作为长安城中数一数二的公子哥,他却不像那些富贵废物一般,整日走马章台,姜姮也从未听闻他沾惹什么恶习,惹出过什么祸事。
相反,他算得上洁身自好,也算得上年少有为,说一声青年才俊,不算夸大其词。
否则皇帝不会在长安城无数的好男儿中,独独钦点他为驸马。
很快,殷凌等的人,也出现在了殿外——是孙炜。
孙玮未被革职,皇帝顾念旧情,让他以残疾之身,继续占据了郎中令以一职,实际上却早已不怎么管事了,甚至有人将他当做了挡路的臭石头。
人人都知道,这个乍富贵的男儿,不知怎么惹怒了姜姮,被伤了身子,也没了好气运,往后余生都只能苟延残喘着。
但说到底,孙玮还是郎中令,还是殷家的女婿,殷凌要叫他一声“姐夫”。
二人今日是受殷皇后之请,一同入宫。
他们交谈了几句,先后走入朝阳殿中。
姜姮收回视线。
那小宫人似乎是想起她与殷家人交恶的那些往事来,忽得就不敢说话了,生怕多说多措。
但姜姮非要他说。
小宫人讪讪:“殿下……您有着陛下的宠爱,殷家怎敢轻视您?况
且,那些事……不过是误会。”
“不是误会。”姜姮饶有兴致地答。
孙玮的胳膊和前程,是辛之聿斩断的,她默许的。
殷凌年幼时入宫,和她起了口角,结果在冰天雪地中被撞到池子里头,是她故意的。
姜姮的确想过,在殷皇后中下绝育的药物。
也做过,扶持后宫新人以对抗皇后势力的事。
她和殷家,积怨已久。
只不过她奈何不了庞然大物一般的殷氏一族。
殷家也不敢对她动手.
于是双方僵持了多年,到了前不久,被皇帝指婚为了一家,仅此而已。
姜姮抬起眼,认真打量着眼前的小宫人,确定他是长生殿人,是可用的人后,就吩咐了下去。
她想起了那日,和殷凌一起出现在宫宴上的少女。
如今的她,不再是以前那个慌慌张张,连恶事都做不好的小公主了。
真要说区别,大概是,她发现了世无完人,每个人或主动或被动,走在自取灭亡的道路上,只有些人幸运些,终其一生,不会走到道路尽头。
她也是如此。
对纪含笑,姜姮其实没有太生气。
只需细想,再抛去冲动,她便能发现,眼下不是最好的,能与他重逢的时刻。
皇帝不会允许姜濬在这深宫久待的。
如果重逢后,需要面对再次的分别。
还不如不重逢。
姜姮慢悠悠地往回走,走回长生殿。
她想到,自己有好几日未同辛之聿一道练习射术了,或许她又要拉不开弓。
但辛之聿应该会昧着良心夸她,仿佛她才是那个千年难遇的奇才一般。
姜姮不自觉带了笑意,脚步轻快。
她还未走到正殿,便看连珠极为着急忙慌地迎了上前。
连珠面色犹豫,但话语干脆:“殿下,太子出事了。”
“有人指控,是太子殿下毒杀了太后娘娘。”
第52章 驯服这样的人是个祸害,不能留。……
东宫自古是是非之地。
身为储君,阿蛮自呱呱落地以来,便牵扯出不少的争锋和事端,几乎如日出月落般寻常,姜姮见多了,听多了,也处理多了,便没有那么在意。

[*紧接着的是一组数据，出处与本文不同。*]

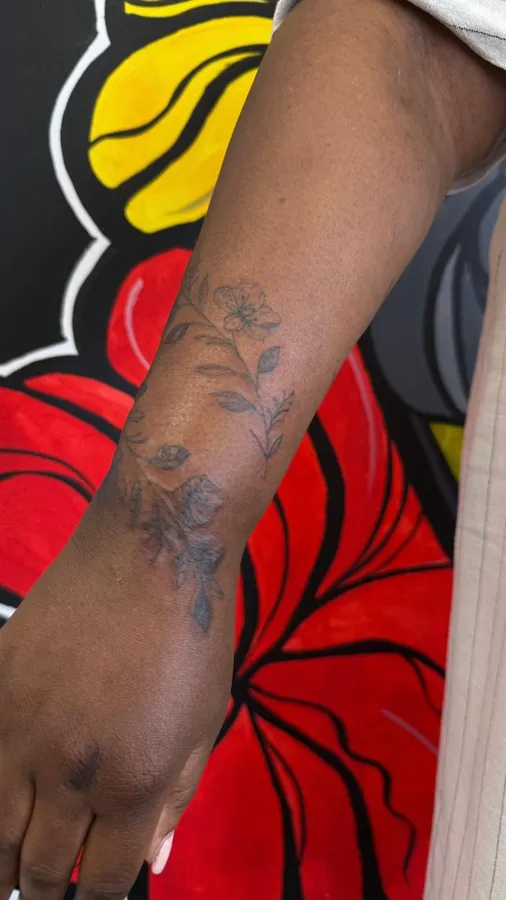 Fine-line floral tattoo on forearm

连珠异常的慎重,她知道姜姮的脾性,不敢再拖延,在姜姮还驻足在殿门口时,便已将事情原委一口气交代了清楚。
明明是开春,万物复苏之际,姜姮听着,却是浑身一凉。
再问,姜钺本人已经被卫兵层层看守,关押在建章宫中,长生殿的人都无法打探到里头的消息,孔令娘亦无法出来传递消息。
此次事态极其严峻,远远超出了先前各种小打小闹。
姜姮不敢耽搁,立刻往崇德殿赶去,却被拦在了门外。
看门的小太监对她不敢失礼:“公主殿下,陛下正在谈事,还请稍等片刻。”
他在说废话。
姜姮垂眼,看着小太监因谦卑而对折起来的腰背,一股急躁之意潜滋暗长,慢慢占据了她全副心神,这是她第二次被拦在崇德殿外,上一次是为姜濬求情的时候。
隐隐之间,她却有果然如此的念头。
妇孺皆知,皇帝异常宠爱她,只要是她提出来的事,都愿意给她三分面子。
但皇帝到底是皇帝,不会事事都纵容着她。
就如上次,也如这次。
崇德殿殿门敞开着,以许相为首的三公九卿、重要王室宗亲皆数到场,就连孙玮也出现在了殿中。
看见姜姮赶来,诸人不动声色地投来了一眼,随即收回视线,继续禀报。
他们说,城外百姓已经开始议论。
百姓怀疑,太子姜钺并不是皇帝亲生,也不是纪皇后所生,而是孝文太后在多年前,为了保证母家权势和尊荣,狸猫换太子,从民间抱来的男婴。
为何至今没有人告发?
因为孝文太后做事隐秘,知情的大多数人被杀尽。
那为何会在此时东窗事发?
因为世上没有不透风的墙,总有人会记得当年的真相,孝文太后知晓,伺候孝文太后的女官苏氏知晓,太子姜钺本人亦知晓。
太子为了保密,一碗毒药毒杀了孝文太后。
女官苏氏义愤,选择揭露此事,撞墙而死。
帝王将相之外,史官坐在一旁奋笔疾书,他将此事详细记载。
正如众人议论,正如姜姮所知。
此后世人,都会知晓此事。
阻止不了了。
这件事,已经不是她一哭二闹三上吊能解决的了,姜姮很清楚,也很冷静。
她扫视四周,招手叫角落处的一个小太监上前来,一双美目平淡盯着,是不怒自威,接着她又褪下了手腕上一个金镯子,是为利诱。
姜姮只说,她要见陆喜。
陆喜是这崇德殿内的第一人,许多连珠未能打听来的消息,问他势必能得到答案。
姜姮需要知道,此事详细的起承转合,以及各方的态度和观点。
那小太监不敢收她的东西,连连作揖后离去,绕到了殿后,再回来的时候,却是一脸讪讪,恨不得立刻跪下,以死谢罪。
陆喜不能见她,只让这小太监,给她带了一句话,让她稍安勿躁,先等待着,勿要自乱阵脚。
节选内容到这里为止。